Regardless as to how people feel about how just/unjust the death penalty may be, killing the wrong people will inevitably happen as our justice system is fallible (no matter how high we set the bar).
Agreed, else why would people still be doing crimes.
Indeed, it has a chance of escalating a criminal to do more than he had intentionally or not planned (or unplanned) on doing.
Absolutely correct - and there are also chances that people will offer compassion and forgiveness (a concept 99% of people are unable to accept, but it does happen.)
It forces a moral code that basically makes killing "okay" in the right circumstances which I'm vehemently against and very uncomfortable with.

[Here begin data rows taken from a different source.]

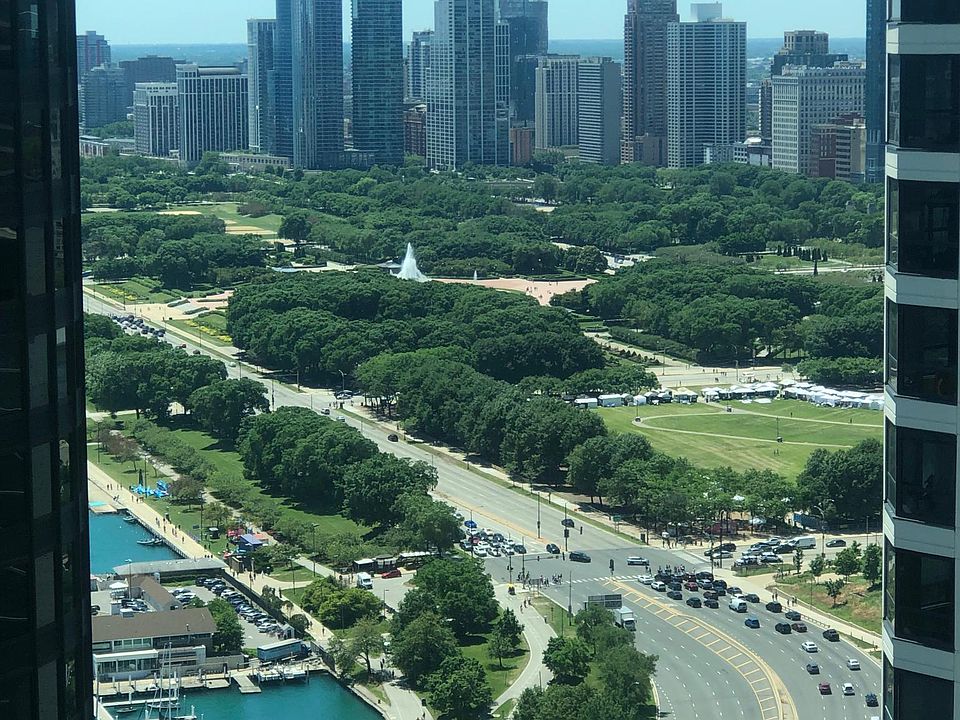View facing South of Skyline and Buckingham Fountain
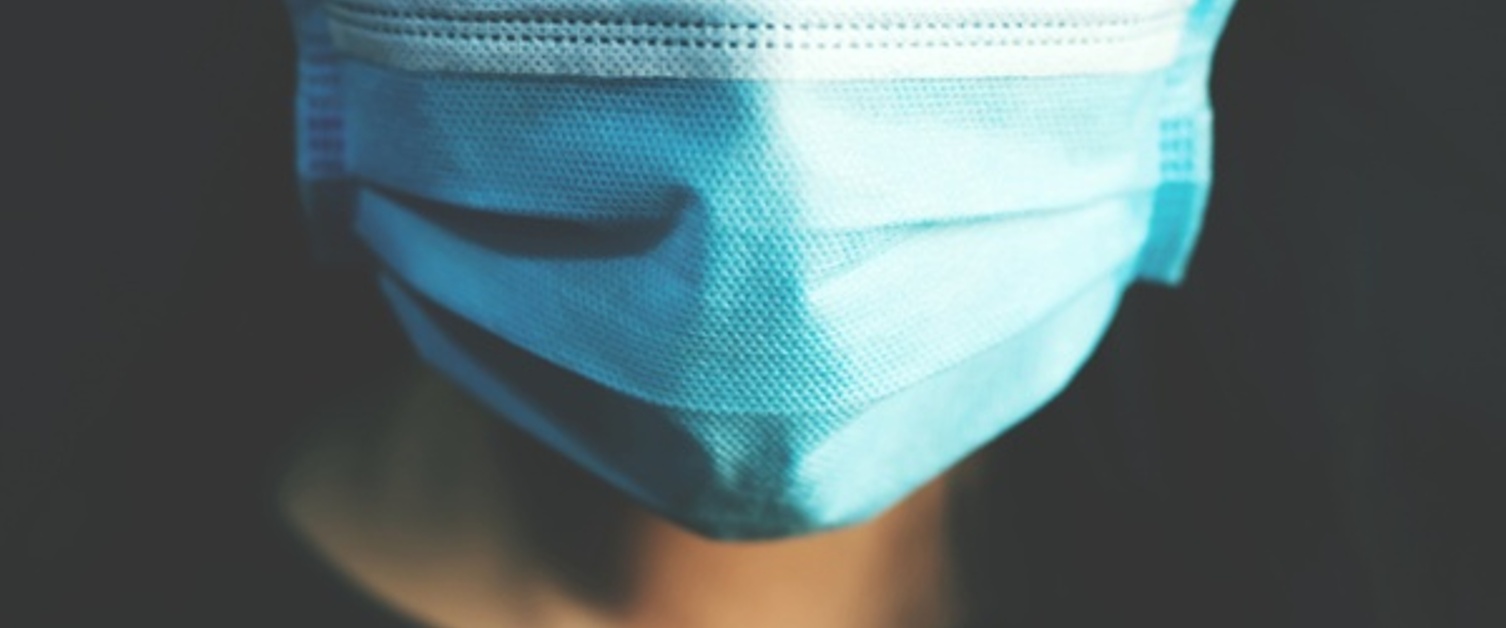 Gwisgo masg yn orfodol ar bob safle ysbyty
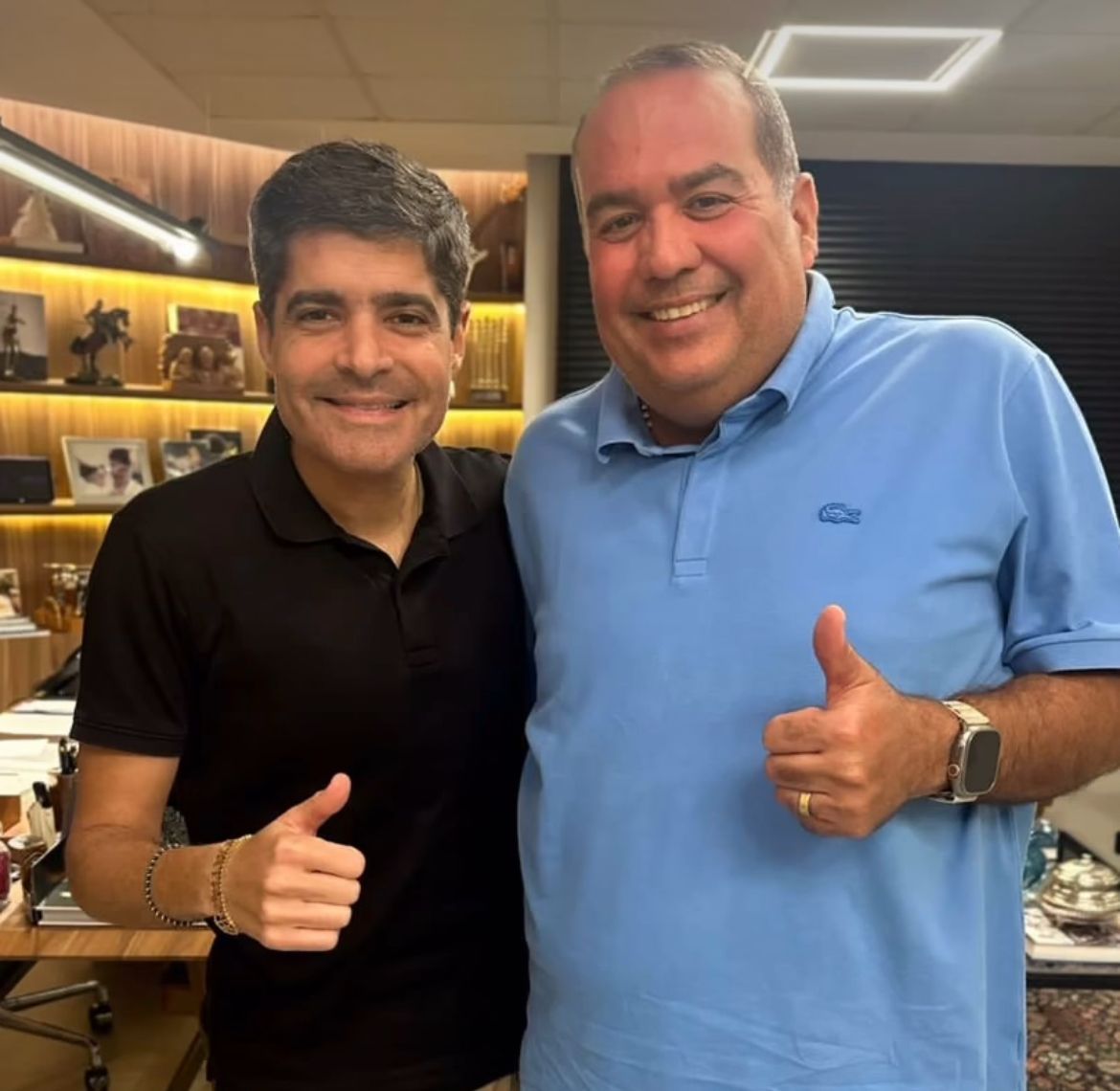 ACM Neto está alugando um triplex na mente de Jerônimo, ironiza Sandro Régis ACM Neto está alugando um triplex na mente de Jerônimo, ironiza Sandro Régis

I believe that if you put positive energy out in the world, in general people react positively - the more positivity you put upon others, the more likely you are to get it back. Whether that is "karma" or not, I do not know (I don't follow a Buddhist lifestyle) but the concept of "treat those the way you wish to be treated" ties in well with this concept.
Oh I agree from a behavioural point of view, but the Karma aspect implies that a persons actions result in consequences (which isn't quite the same), as it goes beyond the rational causal relationships you mentioned into the lands of mysticism.
It's similar to that rubbish 'laws of attraction' stuff in 'the secret', as with many things - it takes an element of reality, then bolts on some additional tosh to the point of absurdity.